Plane Living
Toshikazu Tsukii '63 long ago decided he wanted to be an aviator, an engineer and an architect. He checked the first two off his list years ago, but has only recently tackled the third. A principal engineering fellow at Raytheon Missile Systems who holds a number of patents for transmitters and receivers, Tsukii has licenses as a commercial pilot and flight instructor. Now, after four years of persistence, he has completed his architectural masterpiece: a guesthouse constructed with the nose cone of a Boeing 737, the tail of a 727 and the cabin sections of two 707s. This guesthouse probably wouldn't fly in most American neighborhoods, but Tsukii's fellow residents at La Cholla Airpark in Oro Valley, Ariz., haven't complained.
No More No. 12
Sam Adkins '76 was the Seattle Seahawks' original 12th Man. A backup quarterback, he is the only Seahawks player to ever wear No. 12. The franchise retired the number in 1984, a year after his pro career ended, in order to honor the support of its vocal fan base, which often contributed to the success of the 11 players on the field. These days, Adkins runs a commercial construction company, Hawk Building, and does pregame and postgame radio work for KIRO 710-AM's coverage of Seahawks games. The starting quarterback on the Shocker football team for three years and a member of the Pizza Hut Shocker Sports Hall of Fame, he lives in Ferndale, Wash.
Hail Tekele
Tekele Cotton's monster posterizing dunk in a regular-season Wichita State game against Illinois State not only had ESPN play-by-play announcers resorting to, well, lumberjack talk — "... just absolutely bringin' the lumber off the baseline." — it's also been voted the champion in Hoops Manfesto's 2013-2014 College Dunk of the Year Tournament.
Cotton blistered his closest competitor, Arkansas' Michael Qualls, 60 percent to 40 percent in online voting to win the contest.
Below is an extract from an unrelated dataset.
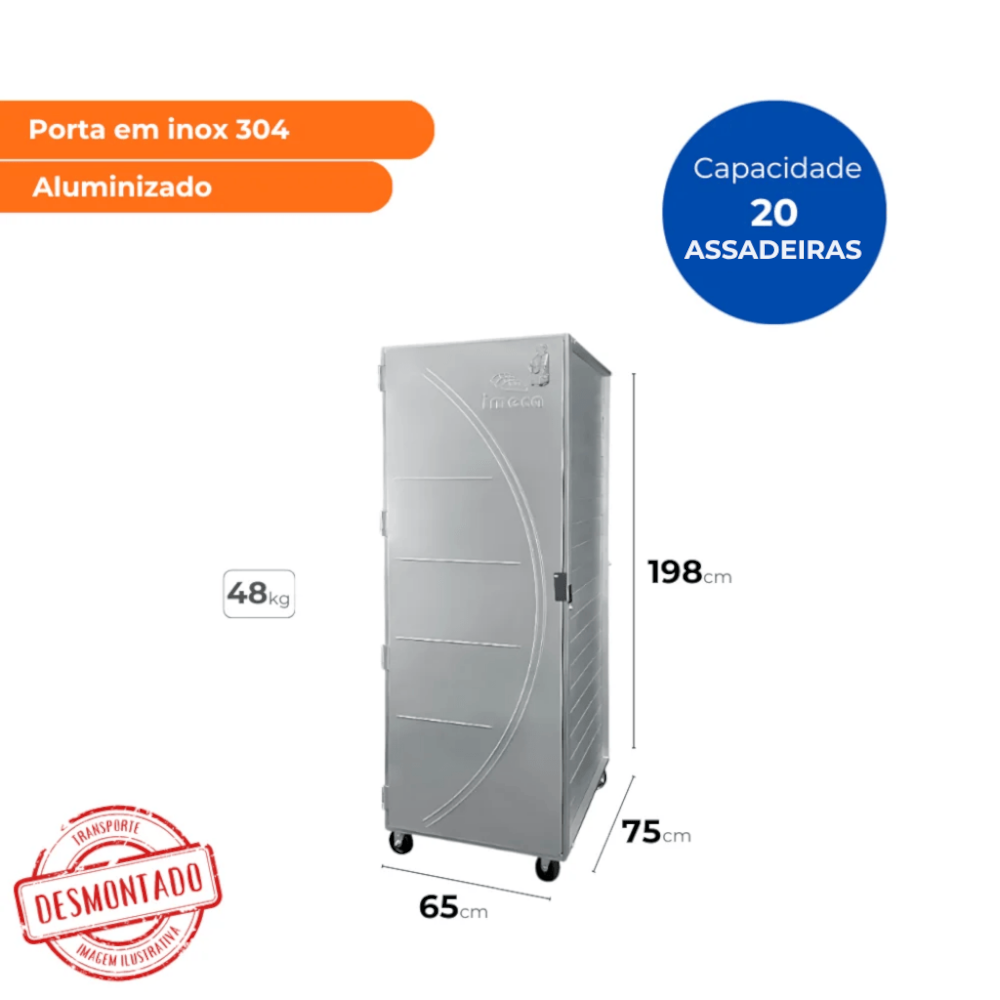 image_a434a42c-89f1-4a5d-abc6-6e0f5238b64d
Tournament voters watched video clips of competing dunks and voted for the best.
Shockers Got Talent
Shocker singers dominated the inaugural class of competitors in the WSU Alumni Association's Shockers Got Talent contest, which was a featured event in the February festivities of Homecoming 2014: Cirque du WSU.
Of the eight acts taking the CAC Theatre's stage to vie for $2,000 in prize money, six showcased singers. Winning the first-ever Shockers Got Talent was Roy Moye III, who sang Bruno Mars' "Treasure" — and took home the top prize of $1,000. The duo of Lynette Kithinji and Kim Mealiff placed second in the talent competition, and Justin Hall was awarded the third-place prize.
Golden IPPY
In the Garden of Stone by Susan Tekulve '92 has won a gold medal in the Independent Publisher Book Awards — known as the IPPYs — as the best novel published in the South by an independent press in 2014.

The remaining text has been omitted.